Опираясь на Парижскую коммуну, он стал вождем борьбы против роялистов внутри страны и обороны границ против Австрии и Пруссии.
Именно в это время начинают возникать слухи о его коррупции как министра. Враги Дантона обвиняли его во взяточничестве, растратах, организации сентябрьских убийств. Эти обвинения были далеко не безосновательны. Дантона действительно можно назвать главным зачинщиком сентябрьских убийств, хотя сам он уверял, что был просто не в силах остановить их. К избиению санкюлотскими террористами в сентябре 1792 тысяч невинных граждан Дантон отнесся с полным равнодушием.
Источников же своего неслыханного обогащения в революционные годы он внятно никогда не мог объяснить. Вообще, эту тему как-то всегда традиционно оставляют за скобками. А ведь на волне создания новой «большой Франции» Дантон вполне успешно и последовательно выстраивал «маленькую Францию», под собственной эгидой.

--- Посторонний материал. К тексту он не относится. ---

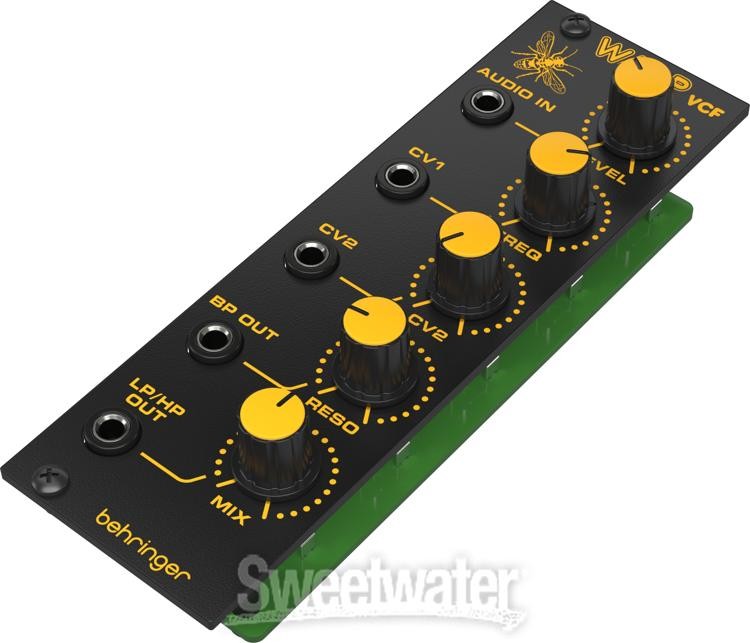 Behringer Wasp Deluxe Analog Multimode VCF Eurorack Module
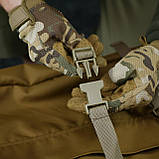 Сумка KIBORG MILITARY BAG (82х37х33 см) Койот Витримує навантаження до 60кг, фото 9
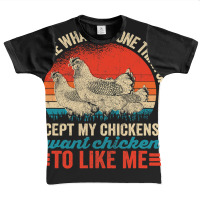 I Dont Care What Anyone Think Of Me Chicken Vintag Graphic Youth T-shirt | Artistshot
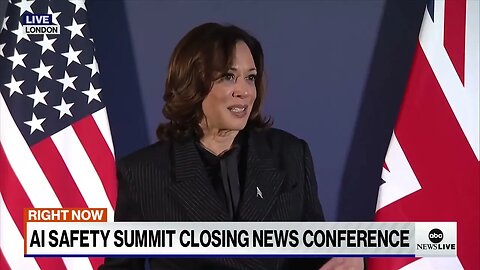 Kamala Harris, In Word Salad, Attempts To Explain Why Biden Would VETO Standalone Funding For Israel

Дантон никогда не замыкался на политике. У него был открытый хлебосольный дом, красавица-жена и двое маленьких сыновей. В гостях у «любимого председателя» любой мог рассчитывать на радушный прием. Не забывал Дантон навещать и родных в провинции, помогать им деньгами и влиянием. В начале 90-х рачительный хозяин отстроил в Арси просторную 17-комнатную усадьбу, настоящий замок. Там постоянно жили его мать, отчим, сестры, тетки, кормилица. Заботливый родственник не забывал о них даже в критические дни своей жизни: перед восстанием 10 августа 1792 года, закончившимся свержением монархии, Дантон — душа восстания — уехал на несколько дней в Арси: на всякий случай он решил нотариально заверить право родных на часть его недвижимого имущества.
Все это сторонники революционной чистоты не могли забыть. Откуда у революционера деньги? Вспомним, как жил Робеспьер, которого называли чудовищем, но при этом Неподкупным, и совершенно справедливо. А Дантон смотрел на вещи совсем по-другому.
Как же Дантон ответил на эти обвинения, которые потом стали официальными перед его падением — в конце жизни его прямо обвинили в корысти и во взяточничестве? И он ответил, но, так сказать, художественно: «Я продавался не фактически. Я, люди моего покроя неоценимы, их нельзя купить».
Есть разнообразные версии, откуда у него взялись деньги. Самая простая: брал взятки от английского правительства, от короля, от сторонников короля. Есть более сложные, гласившие, что при расходовании средств революционного государства кое-что уходило неизвестно куда по каналам того же министерства юстиции — на секретные нужды революции. А за этим могло скрываться все что угодно.